*** Given records Section Begins ***

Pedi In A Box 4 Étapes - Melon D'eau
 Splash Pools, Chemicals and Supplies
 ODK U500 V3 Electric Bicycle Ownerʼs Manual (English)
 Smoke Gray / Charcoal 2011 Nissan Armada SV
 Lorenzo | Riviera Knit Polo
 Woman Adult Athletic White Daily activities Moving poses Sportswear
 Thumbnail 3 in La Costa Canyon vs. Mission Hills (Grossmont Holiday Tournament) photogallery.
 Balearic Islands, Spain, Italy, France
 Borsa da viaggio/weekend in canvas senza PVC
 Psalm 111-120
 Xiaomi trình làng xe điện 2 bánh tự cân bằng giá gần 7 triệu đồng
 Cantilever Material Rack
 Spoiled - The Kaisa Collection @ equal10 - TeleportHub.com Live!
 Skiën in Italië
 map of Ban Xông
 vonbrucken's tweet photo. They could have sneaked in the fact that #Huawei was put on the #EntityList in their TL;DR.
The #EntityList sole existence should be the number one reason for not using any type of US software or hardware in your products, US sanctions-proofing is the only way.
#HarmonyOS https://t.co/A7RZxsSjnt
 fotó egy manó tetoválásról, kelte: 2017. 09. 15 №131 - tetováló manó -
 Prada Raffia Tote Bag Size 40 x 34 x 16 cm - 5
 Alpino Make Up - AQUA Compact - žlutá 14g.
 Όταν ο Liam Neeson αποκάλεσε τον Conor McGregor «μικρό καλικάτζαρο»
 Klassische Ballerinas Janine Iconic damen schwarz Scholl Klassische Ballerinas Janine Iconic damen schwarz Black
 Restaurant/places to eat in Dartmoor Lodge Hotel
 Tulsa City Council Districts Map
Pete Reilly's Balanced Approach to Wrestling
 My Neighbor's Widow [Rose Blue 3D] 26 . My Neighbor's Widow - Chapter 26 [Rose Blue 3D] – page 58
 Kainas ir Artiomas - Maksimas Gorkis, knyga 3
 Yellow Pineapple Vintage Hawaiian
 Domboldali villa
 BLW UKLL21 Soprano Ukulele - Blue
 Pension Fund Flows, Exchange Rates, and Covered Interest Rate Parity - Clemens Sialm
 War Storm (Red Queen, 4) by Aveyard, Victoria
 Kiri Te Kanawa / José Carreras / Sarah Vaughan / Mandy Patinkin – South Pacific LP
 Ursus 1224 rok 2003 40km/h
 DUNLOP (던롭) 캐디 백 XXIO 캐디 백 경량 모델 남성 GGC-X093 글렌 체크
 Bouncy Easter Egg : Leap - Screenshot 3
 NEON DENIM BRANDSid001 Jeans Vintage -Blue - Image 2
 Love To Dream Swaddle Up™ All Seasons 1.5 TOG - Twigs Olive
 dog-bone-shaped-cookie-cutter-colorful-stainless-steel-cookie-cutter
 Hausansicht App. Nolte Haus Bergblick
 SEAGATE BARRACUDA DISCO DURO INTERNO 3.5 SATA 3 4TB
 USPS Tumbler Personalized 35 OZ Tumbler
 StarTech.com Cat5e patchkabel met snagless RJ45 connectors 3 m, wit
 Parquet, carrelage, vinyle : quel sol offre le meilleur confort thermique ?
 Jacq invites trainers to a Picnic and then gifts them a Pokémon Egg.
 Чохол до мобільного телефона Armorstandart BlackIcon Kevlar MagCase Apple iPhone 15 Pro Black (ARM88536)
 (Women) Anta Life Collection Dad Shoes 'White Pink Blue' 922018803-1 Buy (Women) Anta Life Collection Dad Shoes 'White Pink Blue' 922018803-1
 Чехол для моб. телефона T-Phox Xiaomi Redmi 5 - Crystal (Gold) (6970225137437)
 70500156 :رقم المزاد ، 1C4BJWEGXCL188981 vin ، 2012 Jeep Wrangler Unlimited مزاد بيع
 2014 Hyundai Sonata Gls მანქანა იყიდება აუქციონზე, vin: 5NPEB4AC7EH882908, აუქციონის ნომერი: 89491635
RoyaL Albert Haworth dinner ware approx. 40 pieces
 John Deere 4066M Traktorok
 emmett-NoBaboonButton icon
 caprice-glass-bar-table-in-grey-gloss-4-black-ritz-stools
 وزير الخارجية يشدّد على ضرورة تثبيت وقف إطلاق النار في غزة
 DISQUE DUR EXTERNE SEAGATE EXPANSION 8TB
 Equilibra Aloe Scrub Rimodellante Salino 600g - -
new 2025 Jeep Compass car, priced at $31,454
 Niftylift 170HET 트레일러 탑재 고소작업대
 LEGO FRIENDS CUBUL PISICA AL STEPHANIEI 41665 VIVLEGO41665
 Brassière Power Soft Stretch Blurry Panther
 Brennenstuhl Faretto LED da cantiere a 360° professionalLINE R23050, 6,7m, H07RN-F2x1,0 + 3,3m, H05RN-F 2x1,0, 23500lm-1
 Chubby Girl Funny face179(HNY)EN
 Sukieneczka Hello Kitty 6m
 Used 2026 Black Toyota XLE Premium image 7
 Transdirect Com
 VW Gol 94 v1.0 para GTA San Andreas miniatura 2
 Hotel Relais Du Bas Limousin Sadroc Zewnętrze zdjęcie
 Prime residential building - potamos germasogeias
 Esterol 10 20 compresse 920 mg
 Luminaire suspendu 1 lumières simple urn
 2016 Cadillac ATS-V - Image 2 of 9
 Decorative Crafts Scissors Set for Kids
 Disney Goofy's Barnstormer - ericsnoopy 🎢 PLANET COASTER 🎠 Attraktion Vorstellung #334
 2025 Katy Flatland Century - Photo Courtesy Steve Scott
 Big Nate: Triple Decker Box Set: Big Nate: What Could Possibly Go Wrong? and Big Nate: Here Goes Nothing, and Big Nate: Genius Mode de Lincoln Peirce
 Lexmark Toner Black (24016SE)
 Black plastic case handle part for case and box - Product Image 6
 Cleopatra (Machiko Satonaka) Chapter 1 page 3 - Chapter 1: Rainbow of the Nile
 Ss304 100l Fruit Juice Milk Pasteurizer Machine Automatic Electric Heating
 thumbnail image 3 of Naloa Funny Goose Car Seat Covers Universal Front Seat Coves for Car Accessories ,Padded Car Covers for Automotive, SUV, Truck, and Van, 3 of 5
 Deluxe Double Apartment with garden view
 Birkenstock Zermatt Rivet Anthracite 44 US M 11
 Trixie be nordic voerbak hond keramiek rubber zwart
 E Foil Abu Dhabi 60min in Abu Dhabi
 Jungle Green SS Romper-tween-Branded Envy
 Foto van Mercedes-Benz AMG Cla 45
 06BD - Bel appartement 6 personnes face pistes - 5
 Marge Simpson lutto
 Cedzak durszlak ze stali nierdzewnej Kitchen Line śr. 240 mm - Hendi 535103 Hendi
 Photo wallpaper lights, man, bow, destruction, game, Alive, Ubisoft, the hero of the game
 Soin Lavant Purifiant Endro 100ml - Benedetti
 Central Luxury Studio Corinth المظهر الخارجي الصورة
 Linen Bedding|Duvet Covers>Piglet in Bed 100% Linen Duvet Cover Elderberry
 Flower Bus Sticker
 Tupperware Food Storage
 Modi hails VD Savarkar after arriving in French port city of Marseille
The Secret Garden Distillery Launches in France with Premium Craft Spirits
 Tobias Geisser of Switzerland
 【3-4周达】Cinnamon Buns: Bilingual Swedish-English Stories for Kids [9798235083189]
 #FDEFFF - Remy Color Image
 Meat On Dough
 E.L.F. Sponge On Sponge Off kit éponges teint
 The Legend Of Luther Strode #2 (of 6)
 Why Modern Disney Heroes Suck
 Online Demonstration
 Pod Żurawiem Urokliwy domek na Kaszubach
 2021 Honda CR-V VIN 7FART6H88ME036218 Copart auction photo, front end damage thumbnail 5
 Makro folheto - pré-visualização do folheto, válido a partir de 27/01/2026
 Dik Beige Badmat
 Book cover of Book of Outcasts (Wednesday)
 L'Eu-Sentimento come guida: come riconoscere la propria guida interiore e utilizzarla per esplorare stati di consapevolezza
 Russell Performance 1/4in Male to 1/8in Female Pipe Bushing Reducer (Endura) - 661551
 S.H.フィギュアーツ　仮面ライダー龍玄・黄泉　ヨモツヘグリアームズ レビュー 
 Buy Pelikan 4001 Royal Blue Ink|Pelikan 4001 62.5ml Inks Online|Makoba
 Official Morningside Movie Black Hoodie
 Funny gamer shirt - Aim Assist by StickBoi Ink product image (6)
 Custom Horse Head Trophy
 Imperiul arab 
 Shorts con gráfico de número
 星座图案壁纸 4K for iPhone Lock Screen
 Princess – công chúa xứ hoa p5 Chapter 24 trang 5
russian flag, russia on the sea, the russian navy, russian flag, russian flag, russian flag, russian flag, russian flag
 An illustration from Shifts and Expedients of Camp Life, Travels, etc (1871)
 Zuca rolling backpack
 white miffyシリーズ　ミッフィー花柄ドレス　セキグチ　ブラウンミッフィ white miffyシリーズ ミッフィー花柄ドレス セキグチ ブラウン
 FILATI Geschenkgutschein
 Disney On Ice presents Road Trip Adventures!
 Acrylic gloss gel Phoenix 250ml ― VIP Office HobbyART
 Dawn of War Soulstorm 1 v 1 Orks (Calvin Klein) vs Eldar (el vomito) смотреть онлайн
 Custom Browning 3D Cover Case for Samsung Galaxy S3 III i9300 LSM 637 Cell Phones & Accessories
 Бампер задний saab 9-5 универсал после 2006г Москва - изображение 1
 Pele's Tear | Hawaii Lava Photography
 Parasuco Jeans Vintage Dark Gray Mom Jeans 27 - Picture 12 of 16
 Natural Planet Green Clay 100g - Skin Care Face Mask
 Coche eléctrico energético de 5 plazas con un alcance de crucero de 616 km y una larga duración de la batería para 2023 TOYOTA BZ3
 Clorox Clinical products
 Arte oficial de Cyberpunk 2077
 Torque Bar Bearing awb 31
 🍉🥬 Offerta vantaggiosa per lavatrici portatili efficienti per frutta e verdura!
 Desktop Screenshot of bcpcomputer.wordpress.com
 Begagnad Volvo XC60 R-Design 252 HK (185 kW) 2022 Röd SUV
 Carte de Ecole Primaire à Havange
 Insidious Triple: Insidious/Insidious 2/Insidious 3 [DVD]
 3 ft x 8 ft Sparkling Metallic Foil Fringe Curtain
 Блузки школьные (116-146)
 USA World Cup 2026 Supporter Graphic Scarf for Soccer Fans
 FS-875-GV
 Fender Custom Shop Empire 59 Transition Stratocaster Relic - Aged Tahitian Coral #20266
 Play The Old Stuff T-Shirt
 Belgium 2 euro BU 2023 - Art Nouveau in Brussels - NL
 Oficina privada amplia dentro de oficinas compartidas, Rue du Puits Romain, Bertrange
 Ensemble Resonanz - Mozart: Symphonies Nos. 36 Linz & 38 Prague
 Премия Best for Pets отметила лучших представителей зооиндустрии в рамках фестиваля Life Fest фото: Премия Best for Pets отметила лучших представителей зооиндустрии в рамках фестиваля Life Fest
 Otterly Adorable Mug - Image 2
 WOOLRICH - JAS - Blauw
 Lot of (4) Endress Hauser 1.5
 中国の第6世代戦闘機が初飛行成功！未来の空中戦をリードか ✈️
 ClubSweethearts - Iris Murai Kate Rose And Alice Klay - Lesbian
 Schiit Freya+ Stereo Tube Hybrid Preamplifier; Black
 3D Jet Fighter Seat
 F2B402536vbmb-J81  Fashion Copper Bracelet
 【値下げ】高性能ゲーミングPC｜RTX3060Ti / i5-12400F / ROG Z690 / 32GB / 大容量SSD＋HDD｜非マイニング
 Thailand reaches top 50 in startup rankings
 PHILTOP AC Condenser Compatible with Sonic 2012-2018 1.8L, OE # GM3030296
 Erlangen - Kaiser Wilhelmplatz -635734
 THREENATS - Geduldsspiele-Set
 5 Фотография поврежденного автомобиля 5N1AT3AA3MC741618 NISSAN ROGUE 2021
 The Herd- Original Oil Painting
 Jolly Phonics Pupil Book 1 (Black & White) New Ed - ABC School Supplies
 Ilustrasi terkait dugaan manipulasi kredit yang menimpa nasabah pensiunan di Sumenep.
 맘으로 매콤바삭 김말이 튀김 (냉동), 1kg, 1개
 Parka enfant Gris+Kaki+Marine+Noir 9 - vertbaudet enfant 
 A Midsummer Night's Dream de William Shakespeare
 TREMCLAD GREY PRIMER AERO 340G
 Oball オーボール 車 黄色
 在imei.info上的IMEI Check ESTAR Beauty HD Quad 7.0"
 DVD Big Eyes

*** Given records Section Ends ***

What the task requires: Given the records above, reproduce precisely and only the lines between the line holding "ClubSweethearts - Iris" and the line holding "THREENATS - Geduldsspiele-Set", inclusive.

Output of the exercise:
 ClubSweethearts - Iris Murai Kate Rose And Alice Klay - Lesbian
 Schiit Freya+ Stereo Tube Hybrid Preamplifier; Black
 3D Jet Fighter Seat
 F2B402536vbmb-J81  Fashion Copper Bracelet
 【値下げ】高性能ゲーミングPC｜RTX3060Ti / i5-12400F / ROG Z690 / 32GB / 大容量SSD＋HDD｜非マイニング
 Thailand reaches top 50 in startup rankings
 PHILTOP AC Condenser Compatible with Sonic 2012-2018 1.8L, OE # GM3030296
 Erlangen - Kaiser Wilhelmplatz -635734
 THREENATS - Geduldsspiele-Set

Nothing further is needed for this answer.